Aus dem Internet gezogene Fotos gestellter Altmeister- und Moderne-Bilder fügen sich in Tübingen als (Auftrags-)Meisterwerke chinesischer Malerinnen und Maler frisch ausgepackt zum Szenario „Neue Malerei“. Da nimmt einer den Fuß vom Digital-Gas, spielt die Widerstandsfähigkeit der Malerei gegen das Tempo der Pixel aus – und macht doch unmissverständlich deutlich, dass die industriell-manuelle Bildproduktion sieht (und malt), wie es der Smartphone-Ausschnitt eben zulässt. Im Rückgriff auf den Bilderkanon der europäischen Kunstgeschichte fragt Christian Jankowski ironisch, aber doch präzise nach der Gültigkeit der Bildwelten der Gegenwart und deren Bedeutung für eine Konstruktion von Zukunft, die zuvorderst aus Übersetzungen besteht.
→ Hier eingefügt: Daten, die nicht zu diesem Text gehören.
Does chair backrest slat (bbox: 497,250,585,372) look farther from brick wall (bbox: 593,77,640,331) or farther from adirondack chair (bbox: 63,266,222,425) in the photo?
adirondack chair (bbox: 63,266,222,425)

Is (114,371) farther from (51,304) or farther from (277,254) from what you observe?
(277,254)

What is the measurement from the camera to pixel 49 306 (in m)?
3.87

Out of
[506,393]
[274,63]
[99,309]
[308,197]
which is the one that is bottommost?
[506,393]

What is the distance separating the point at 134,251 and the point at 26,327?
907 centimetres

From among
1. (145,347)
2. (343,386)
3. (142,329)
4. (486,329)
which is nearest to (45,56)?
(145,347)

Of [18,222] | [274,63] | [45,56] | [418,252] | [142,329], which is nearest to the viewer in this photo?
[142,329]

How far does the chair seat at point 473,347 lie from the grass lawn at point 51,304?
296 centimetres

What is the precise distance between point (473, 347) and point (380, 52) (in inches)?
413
Yinka Shonibare CBE geht noch einen Schritt weiter, wenn er mit bildnerischen Mitteln nach der Mitverantwortung der europäischen Malerei beim wirtschaftlichen Raubzug durch Südamerika und Afrika fragt. Yinka Shonibare CBE dreht die Aneignung um, nutzt das allgemeine Bild- und Bildungsgedächtnis, um in einer Art Besetzung eine Grundlage dafür zu schaffen, in der Gegenwart Dekolonialisierung nicht als bloßes Umschreiben von Werten zu diskutieren. In genau diesem Zusammenhang ist allein schon Chantal Mitchells Fiktion einer wehmütig erinnerten bäuerlichen Identität den Besuch von „Comeback“ wert. Und versteckt, aber leicht zu finden, geht es in dieser Ausstellung um die Zukunft für eine Idee, die es in der jüngeren Vergangenheit schon leichter hatte: Europa.

Zu sehen ist die Ausstellung „Comeback. Kunsthistorische Renaissancen“ bis zum 10. November (Di bis So 11 bis 18, Mi 11 bis 19 Uhr). Der Eintritt kostet 8 Euro (ermäßigt 5 Euro).